The tale of Eddie, the story's main character, parallels the true story of Beck's own life, during which he has faced the divorce of his parents at a young age, the alcoholism and eventual suicide death of his mother, as well as his own personal struggles with alcoholism as an adult. It is by our journey through these "storms" in life, Beck insists, that we truly find out who we are and what our purpose in life is. "Life isn't always fair," Beck stressed, "but it's worth it."
Following Beck's one-man performance, he introduces us to four different individuals, each of whom has had to face their own "storms" in life and who were personally impacted by Beck's story of redemption: 2 drug addicts, a mom who lost her child, and a woman who faced down breast cancer. Each of them describes their unique scenarios, but all come to the same conclusion: with faith and family, we can weather any storm. "If God can bring you to it, God can bring you through it," acknowledged one participant.
Beck's show is heart-warming
; it is depressing and yet incredibly uplifting and inspiring. The fact is that Beck's "Christmas Sweater" story--complete with its emotional ups and downs--is everyone's story: we all have our own storms to face, but each of us is worthy of the journey through them.

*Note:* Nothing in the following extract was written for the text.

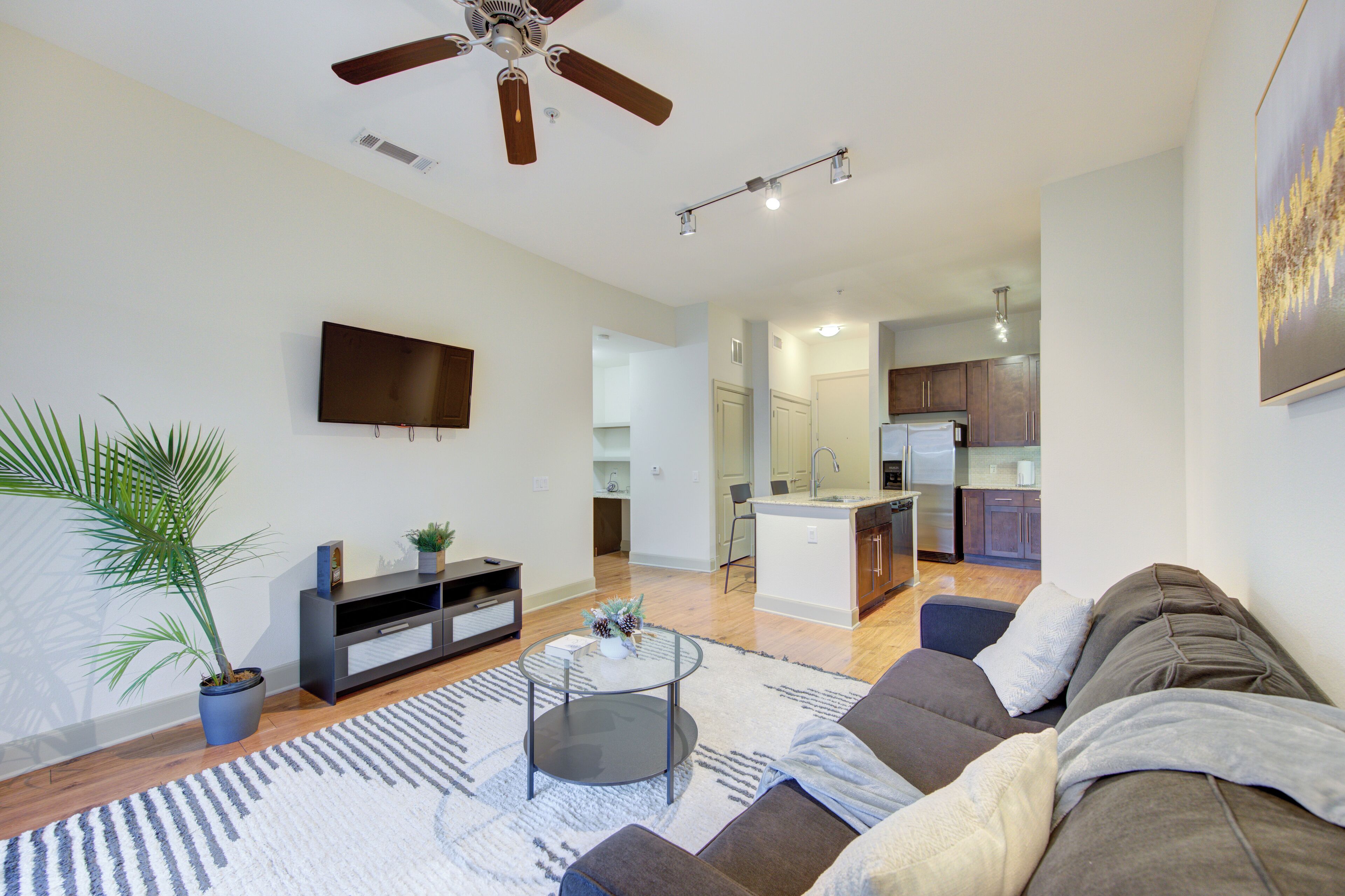 リビング エリア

I was in teary-eyed for a good portion of the presentation but left the theater last night with a renewed spirit--not only renewed faith in myself, but also renewed faith in the world around me. If nothing else, Beck's show temporarily helped silence my inner cynic long enough for me to take an extra moment to appreciate life and all it has to offer.
This meditative experience helped renew my profound thankfulness for this life I've been blessed with... despite its occasional storms. And isn't it this overwhelming gratitude for our blessings exactly what this season is all about?

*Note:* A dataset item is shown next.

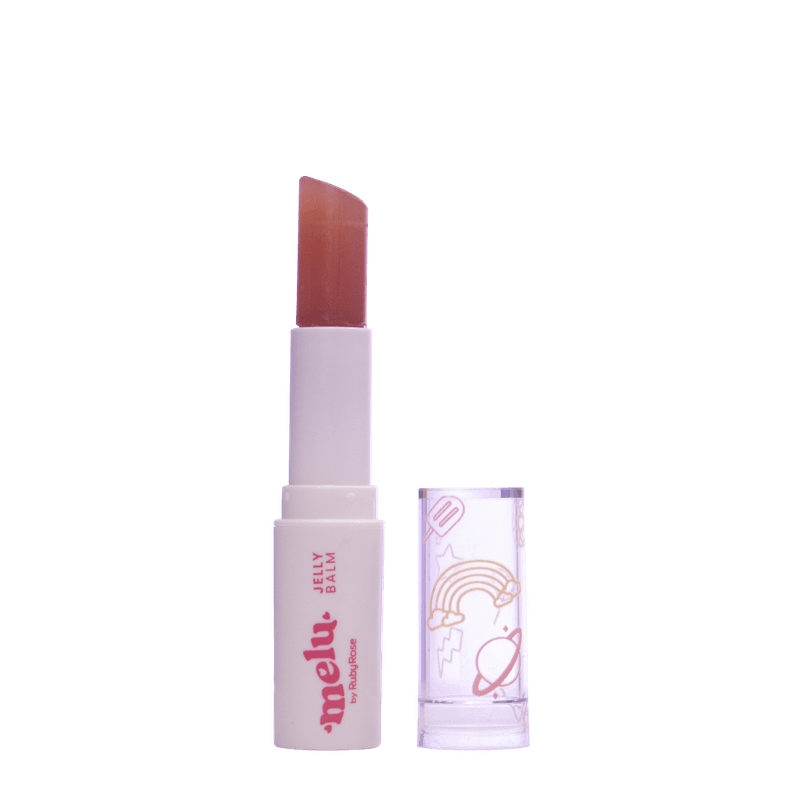 Labial Jelly Balm Melu Ruby Rose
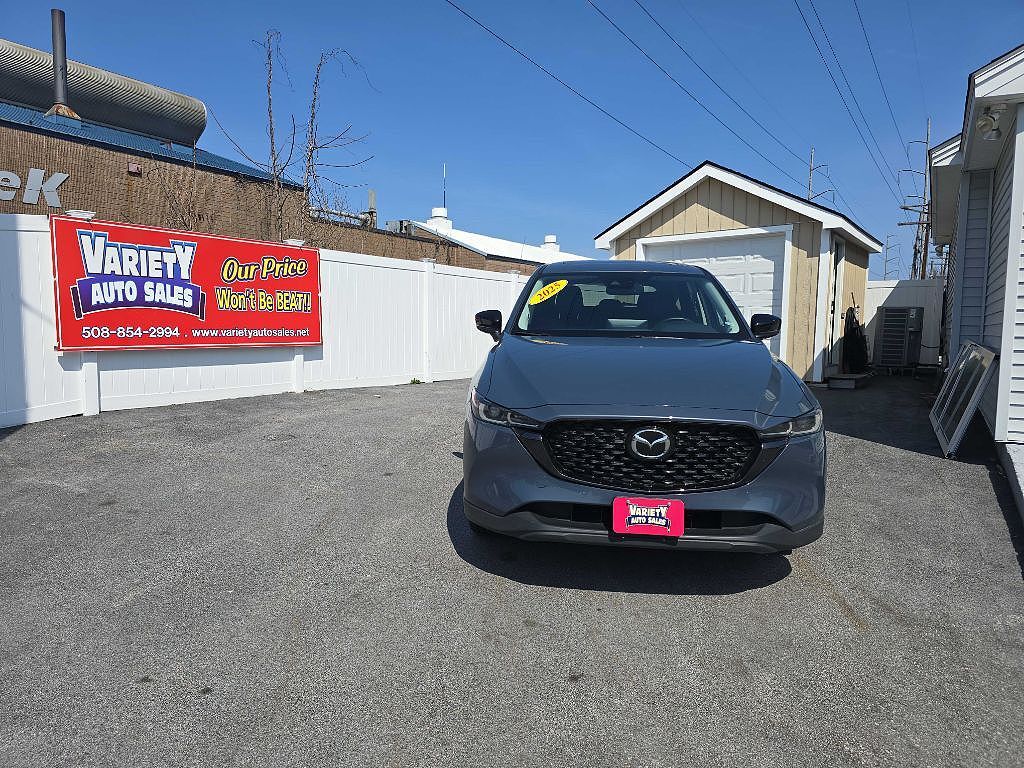 2025 MAZDA CX-5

If you're interested, Beck's "Christmas Sweater - A Road to Redemption" will be showing an encore presentation on Friday, December 10. Click here
for information on participating theaters, showtimes and tickets.
PS--If you did attend Beck's show, I'd like to hear your feedback, too. Leave me a comment below!
If you're looking for a warm and fuzzy inspirational story to warm you as the cold days of winter draw us nearer to Christmas, Glenn Beck's "The Christmas Sweater - A Road to Redemption" might not be your holiday cup of tea. But if you're looking to rediscover the true spirit of the season in a more unconventional self-reflective way, there really isn't a better option.